# Snapper Injury



## Tippin Slow (Nov 21, 2007)

I found out the hard way about the razor sharp plate just forward of the gills on the Red Snapper. Missing a piece of my thumb thanks to one yesterday. Thought Id post just in case some are not aware.

:usaflag


----------



## Tuna Man (Oct 2, 2007)

> *Tippin Slow (6/15/2008)*I found out the hard way about the razor sharp plate just forward of the gills on the Red Snapper. Missing a piece of my thumb thanks to one yesterday. Thought Id post just in case some are not aware.
> :usaflag


Yup....BAD News :banghead


----------



## freespool50 (Sep 29, 2007)

i was showing a rookie how to clean snapper. i was reall careful with it. then i remembered to show him how not to pick it up by picking it up the wrong way......ouchhhh!!!!!:banghead


----------



## Clay-Doh (Oct 2, 2007)

Hard lesson!

For fishing, I know there are a ton of gloves out there, but Riffe (the speargun manufacturer) make a real nice pair for spearfishing, that are thin and allow good movement (trigger finger baby!) and have kevlar palm and fingers. You can shove your hands right up a snappers blowhole, and groupers too (they have rows of "teeth" in there gills). Barnicles on ships, pilings, ect...no prob.
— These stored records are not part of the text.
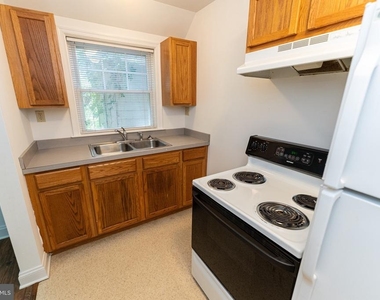 802 Travers Street - Photo Thumbnail 15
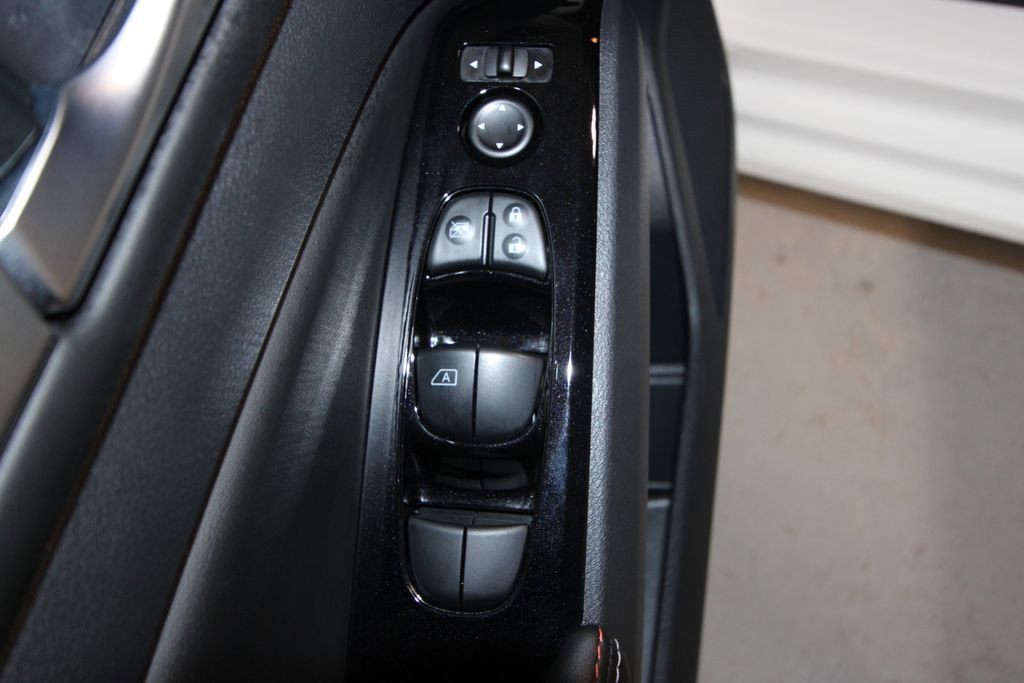 Used 2024 Nissan Altima 2.5 SR w/ SR Premium Package image 6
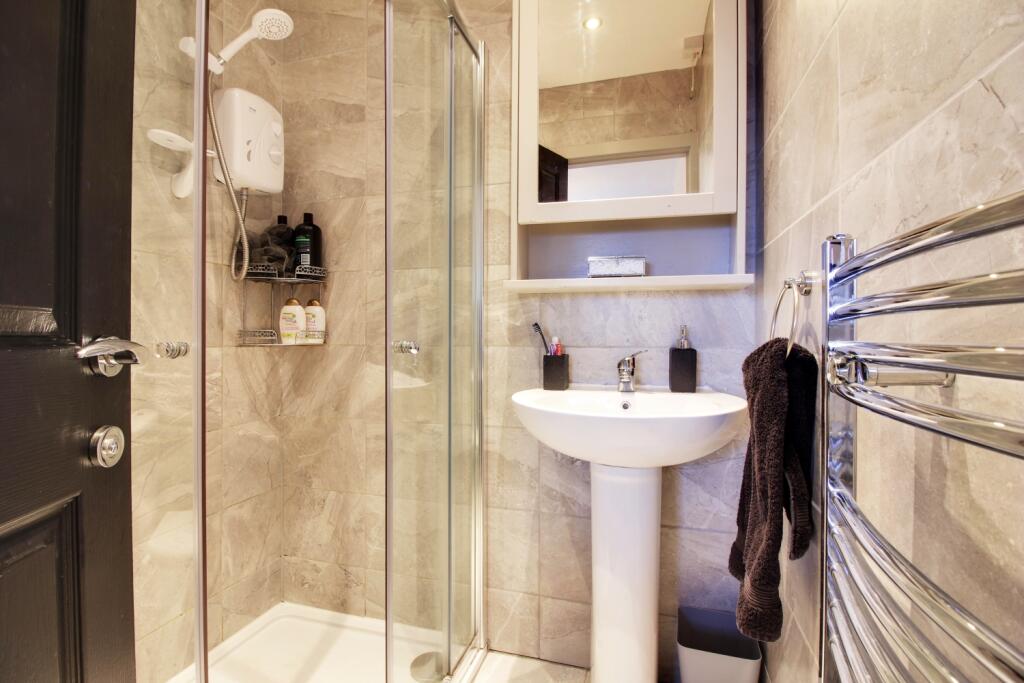 Bedroom 1 - ensuite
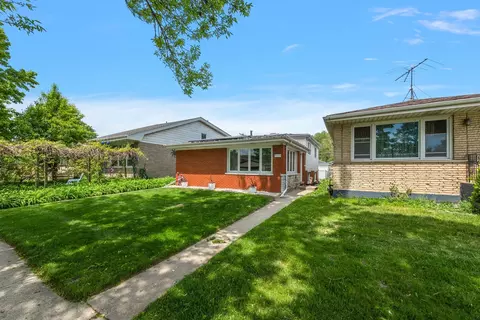 Exterior - 3118 E 130th St, Chicago, IL 60633 photo 1 of 4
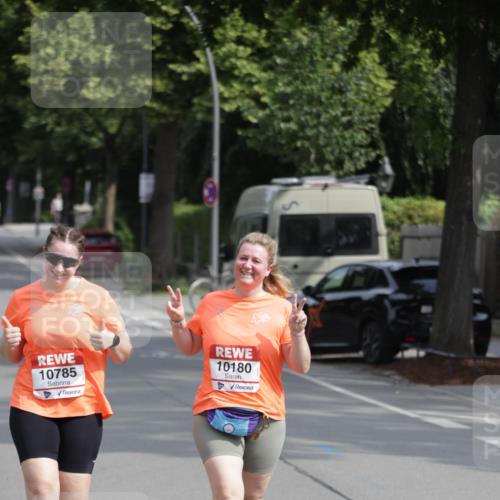 15.06.2025 - REWE Women's Run Jannik Wohlers http://msf.ph/oto/7957106 15.06.2025 09:14:32 Laufen 10785, 10180 meine-sportfotos.de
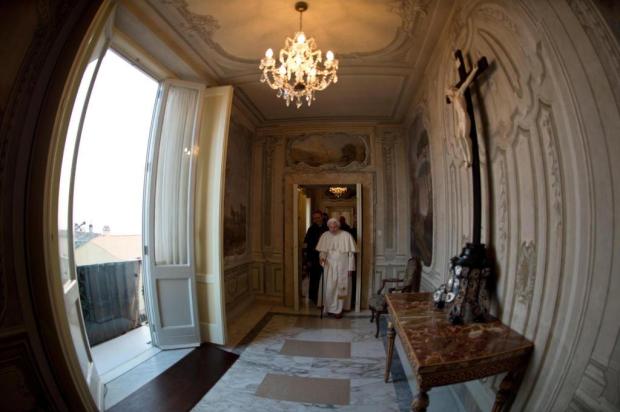 Bento XVI descansa em seu primeiro dia como Papa Emérito OSSERVATORE ROMANO/AFP Bento XVI descansa em seu primeiro dia como Papa Emérito OSSERVATORE ROMANO/AFP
I have been curios to see how they handle extreme punture force, and been tempted to try to stab myself in the hand, or shove my fist in a cuda's mouth!:letsdrink

MBT carries the gloves by the way.


----------



## BJW (Oct 1, 2007)

That thing is so sharp I ofter wondered if you could just cut it off of one fish and use it to clean the rest!


----------



## sniper (Oct 3, 2007)

:takephoto


----------



## shinerock18 (Jul 30, 2011)

*--*

So who else do we consult about this case?.


----------